A performing rights organization (PRO) is a body that collects performance royalties on behalf of songwriters and publishers. When your composition is played in public — on the radio, on streaming, in venues, on TV — the businesses doing the playing pay licence fees, and the PRO pools that money and pays it out to its members. If you write songs and want to collect performance royalties, joining a PRO is the step that makes it happen.
Here is what a PRO does, the main ones you have probably heard of, and how to join.
This article is general information, not legal or financial advice.
What a PRO does
A performing rights organization sits between music users and songwriters. Its core functions:
- Licensing — it sells blanket licences to radio stations, streaming services, venues, broadcasters, shops, and other businesses that play music publicly.
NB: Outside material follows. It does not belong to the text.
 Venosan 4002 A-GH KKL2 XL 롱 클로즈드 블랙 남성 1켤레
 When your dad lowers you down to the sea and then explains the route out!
- Tracking usage — it monitors and collects data on what gets played, where and how often.
- Collecting fees — it gathers the licence money from all those users.
- Distributing royalties — it pays that money out to its songwriter and publisher members based on usage.
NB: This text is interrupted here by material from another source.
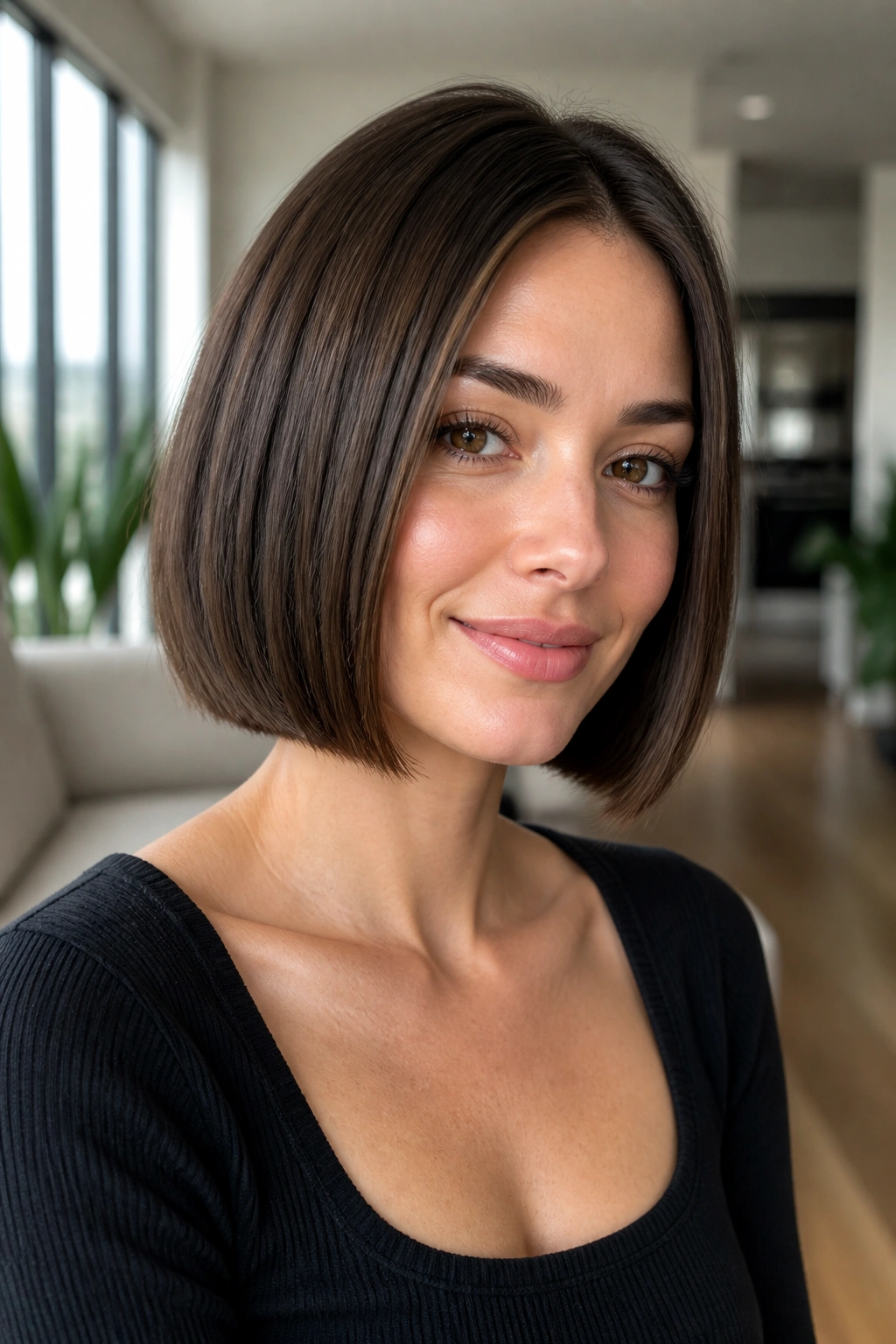 Close-up of real woman with one-length bob and internal texture in bright room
Crucially, a PRO handles only performance royalties on the composition. It does not collect your master recording royalties (your distributor does that) or your mechanical royalties (a publishing admin or collection body does that). See performance royalties explained and mechanical royalties for the distinction.
The main PROs
Different countries have their own PROs. The well-known ones include:
- ASCAP and BMI — the two largest in the United States.
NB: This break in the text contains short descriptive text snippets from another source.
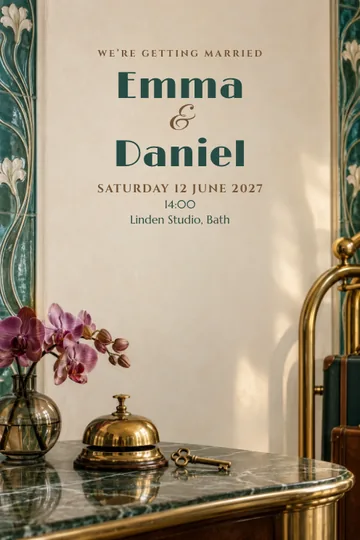 Art Nouveau hotel invitation design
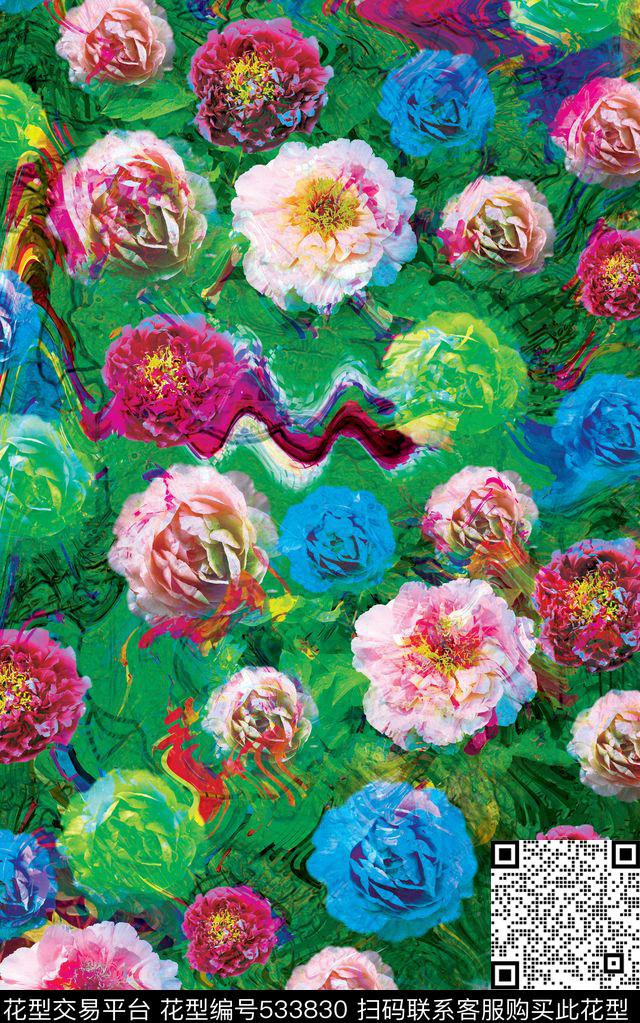 花卉数码华亿平台万紫千红数码印花华亿平台下载（图片编号: 533830） - 瓦栏（Walan）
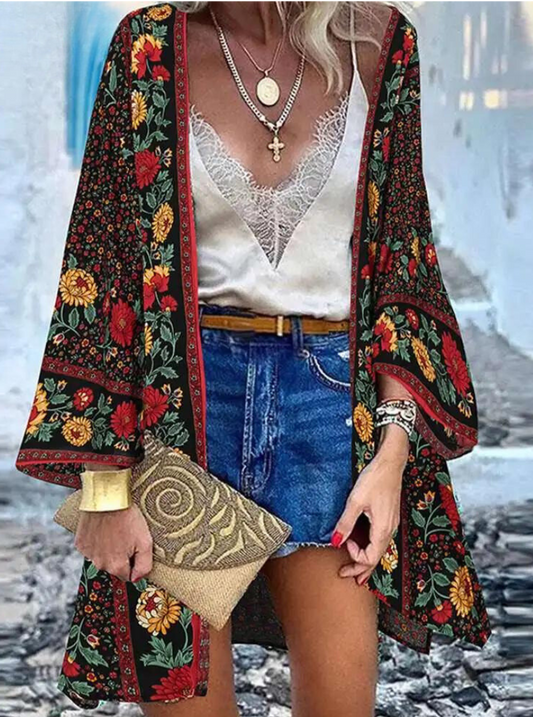 Bertha Beach Cardigan in boho style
- SESAC — a smaller, invitation-based US PRO.
- PRS for Music — the UK.
- SOCAN — Canada.
- APRA AMCOS — Australia and New Zealand.
You generally join the PRO in your home country, and through reciprocal agreements between PROs worldwide, your royalties from foreign performances find their way back to you. In the US, the most common decision is ASCAP vs BMI — see our comparison of ASCAP vs BMI to choose.
How a PRO fits with publishing
A PRO is one piece of the publishing puzzle, not the whole thing. Most songwriters register with a PRO as both a writer and a publisher, then use a separate publishing administrator to collect mechanicals and global royalties the PRO does not handle. For the full map, read music publishing explained and what a music publisher is.
How to join a PRO
- Pick the PRO for your country (US writers choose between ASCAP and BMI).
- Apply as a writer — and usually as a publisher too, so you can collect both shares.
- Register every composition you release, listing all co-writers and their splits.
- Keep registrations and contact details up to date so royalties reach you.
Do this around the time you start releasing music. Coordinate it with the rest of your rollout using our music release checklist so registration is not an afterthought.
Why joining a PRO matters
If you never join a PRO and register your songs, every public performance of your music generates royalties that simply go uncollected. Joining is the one-time setup that switches that income on. For the bigger earnings picture, see what music royalties are and how musicians actually make money.
Frequently asked questions
Can I join more than one PRO?
As a songwriter you generally affiliate with one PRO for your performance royalties at a time, though you can also have a publishing entity registered. Joining multiple PROs for the same writer role at once is not the norm.
Does a PRO collect all my royalties?
No. A PRO collects only performance royalties on the composition. You still need a distributor for master royalties and a publishing admin or collection body for mechanicals.
When should I join a PRO?
Around the time you start releasing music publicly. Joining and registering your songs early ensures you capture performance royalties from the very first plays rather than missing out while you sort it later.